According to ESPN, a federal appellate court upheld a ruling which dismissed a lawsuit filed by minor league baseball players accusing Major League Baseball of colluding to suppress wages.
The ninth district court ruled that minor league baseball – like the majors – are exempt from federal antitrust laws.
Lead plaintiff and former Miami Marlins farmhand Aaron Senne filed the suit against all 30 MLB teams, alleging they pay less than minimum wage. He sought to certify his lawsuit as a class-action, which would have allowed any and all MiLB players to join.

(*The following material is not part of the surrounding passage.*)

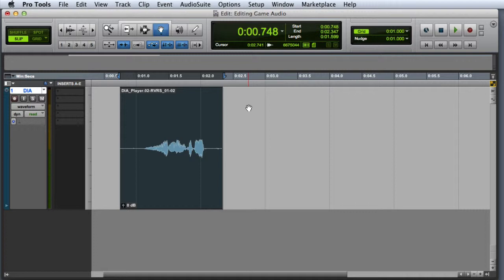Some of you may be familiar with the term mastering as it applies to the music industry. In game audio, mastering is a bit more simple. Generally, we're just looking to maximize dynamic range so that when the file is exported and implemented in the game, it sounds as good as possible.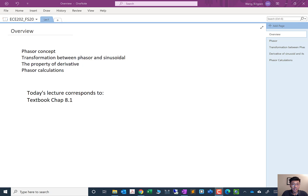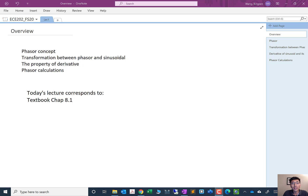Hello everybody, welcome back to the first lecture of ECE 202. Today we're going to talk about phasors — the first lecture on the topic dealing with sinusoidal steady-state signals. We cover a few topics: the phasor concept, what it is and why we need it, the transformation between phasors and sinusoidal signals, and the property of derivative, which is the most important property of the phasor.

U.S magistrate judge Joseph Spero said the off-season workouts and nonuniform standards cannot be broadly regulated by federal wage and labor laws.
However, Spero certified the lawsuit in March after some claims were dropped and new evidence emerged, according to Ballpark Digest. Spero also narrowed the scope and proceedings of the case as well.
The lawsuit’s focus is now on the state of California. Players participating in Florida and Arizona instructional and summer leagues will be excluded. One swaying claim in the judge’s decision was the abandonment of claims for unpaid winter conditioning. Spero said the claim is problematic because the work performed spanned multiple years and was also largely undocumented.
“Considering the case law and the Curt Flood Act, it is undeniably true that minor league baseball — particularly the employment of minor league baseball players and the requirement that they sign a uniform contract containing a reserve clause — falls squarely within baseball’s exemption from federal antitrust laws,” Chief Judge Sidney R. Thomas wrote in the opinion.
This is not the first time MiLB has sued it’s big-league partner. In 2015, minor leaguers filed the same lawsuit, citing MLB’s employment policies violate antitrust laws by restraining horizontal competition among franchises and illegally depressing minor league salaries.
Baseball’s salary guidelines are not public. However, most minor league players make around $7,500 per year.